----- PROVIDED RECORDS
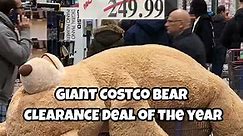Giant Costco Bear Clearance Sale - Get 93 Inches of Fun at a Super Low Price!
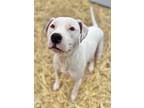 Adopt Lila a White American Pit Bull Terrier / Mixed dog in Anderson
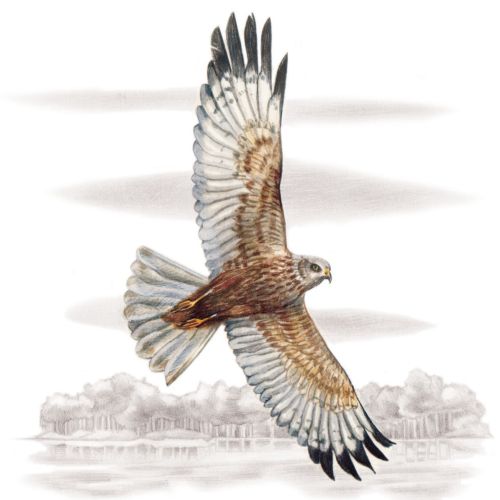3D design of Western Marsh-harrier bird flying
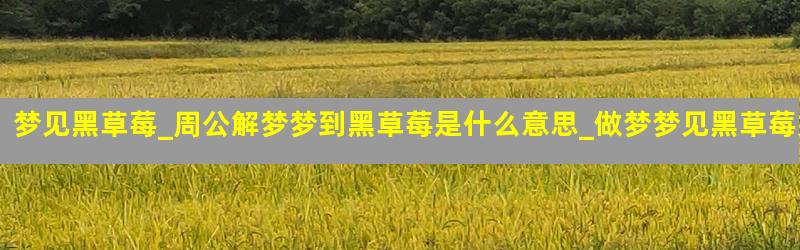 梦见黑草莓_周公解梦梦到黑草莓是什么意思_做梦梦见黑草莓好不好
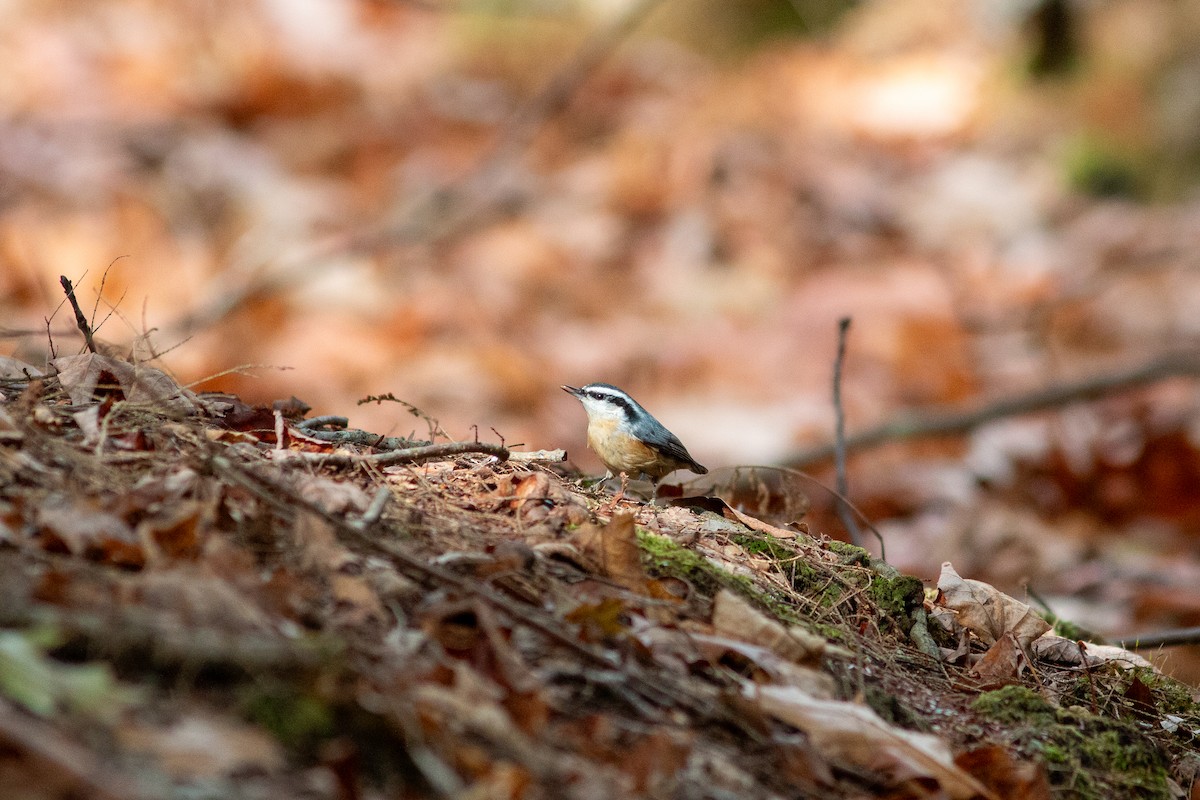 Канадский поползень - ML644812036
----------
----- PROVIDED RECORDS
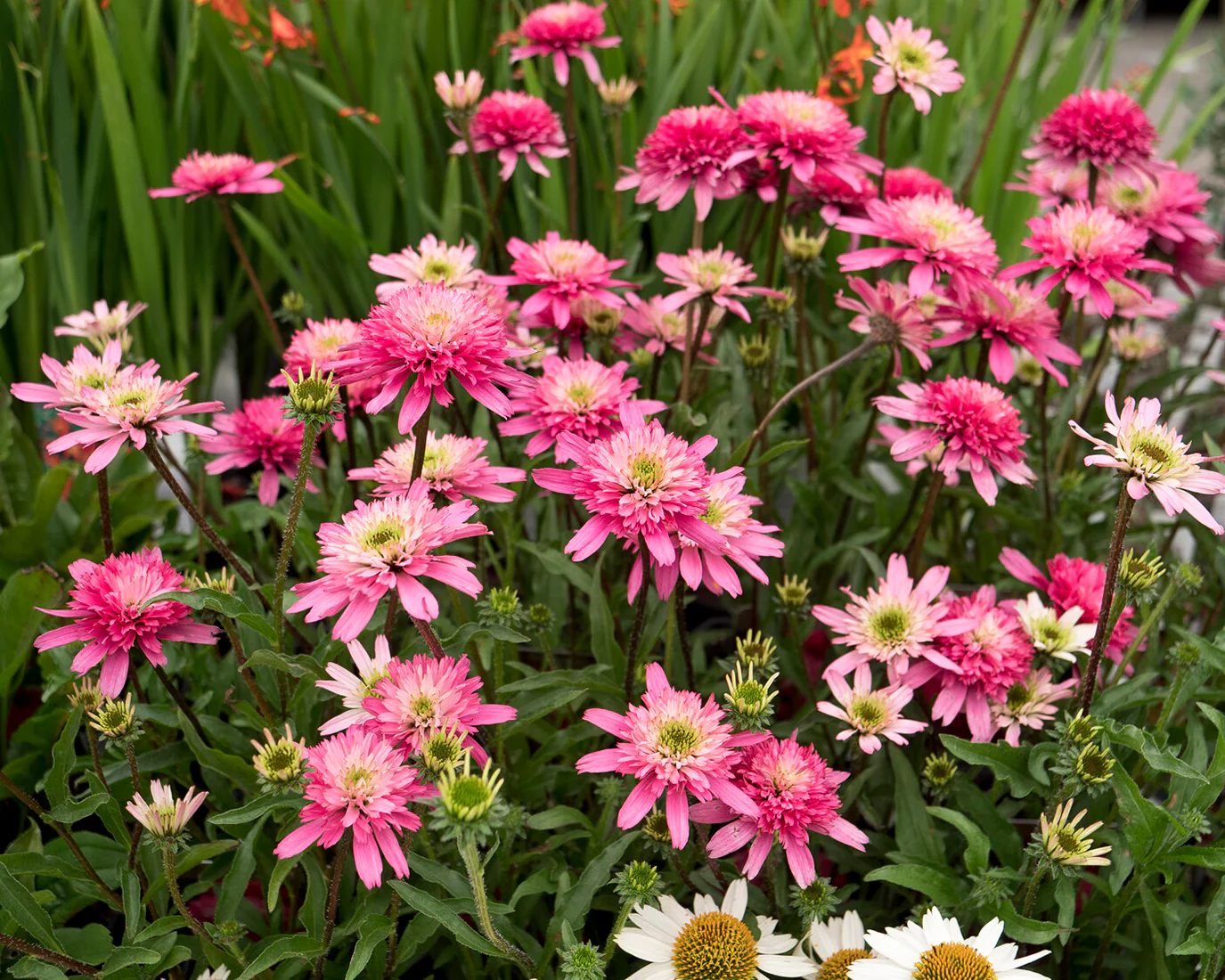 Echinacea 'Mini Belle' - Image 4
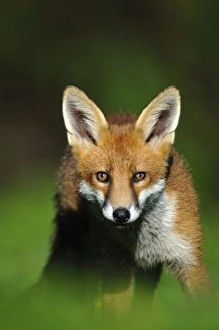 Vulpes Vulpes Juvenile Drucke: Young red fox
----------
----- PROVIDED RECORDS
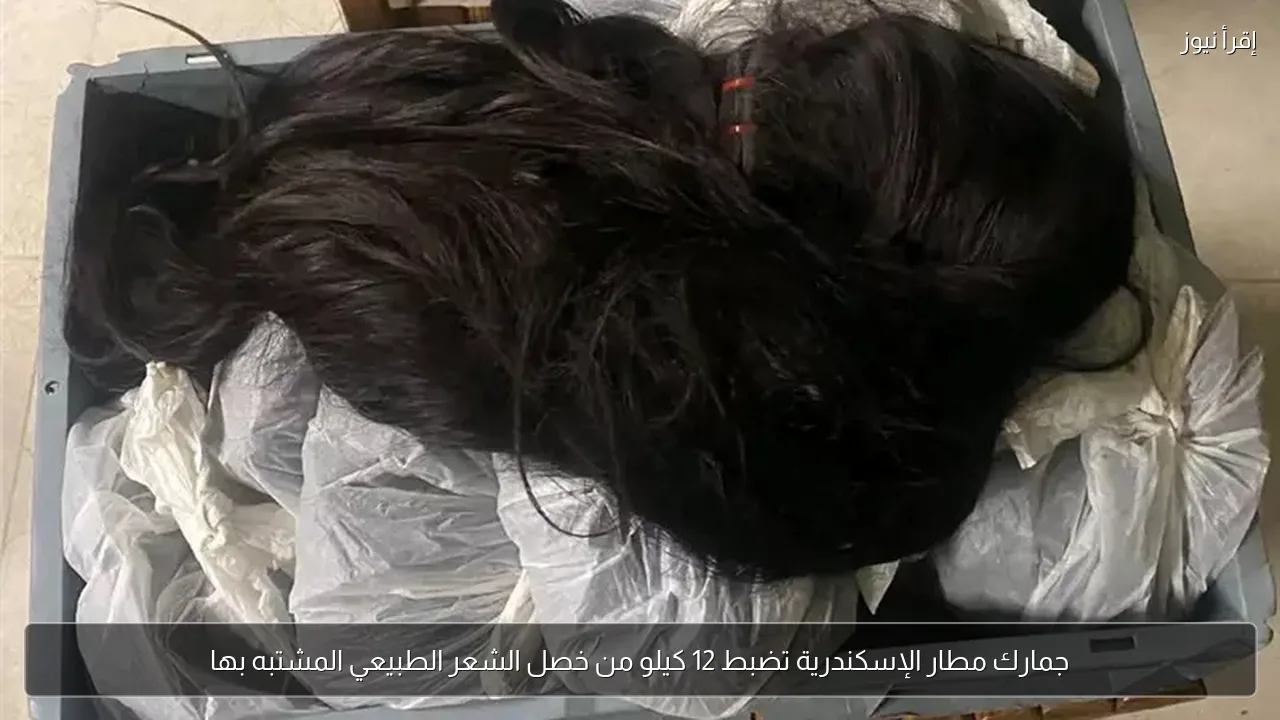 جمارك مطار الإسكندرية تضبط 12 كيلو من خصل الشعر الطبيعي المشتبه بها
----------
TASK GOAL >> Output only the stretch above from the line with "3D design of" through the line with "Канадский поползень - ML644812036", reproduced exactly. Exclude pictures.

SOLUTION FOR THIS TASK >>
3D design of Western Marsh-harrier bird flying
 梦见黑草莓_周公解梦梦到黑草莓是什么意思_做梦梦见黑草莓好不好
 Канадский поползень - ML644812036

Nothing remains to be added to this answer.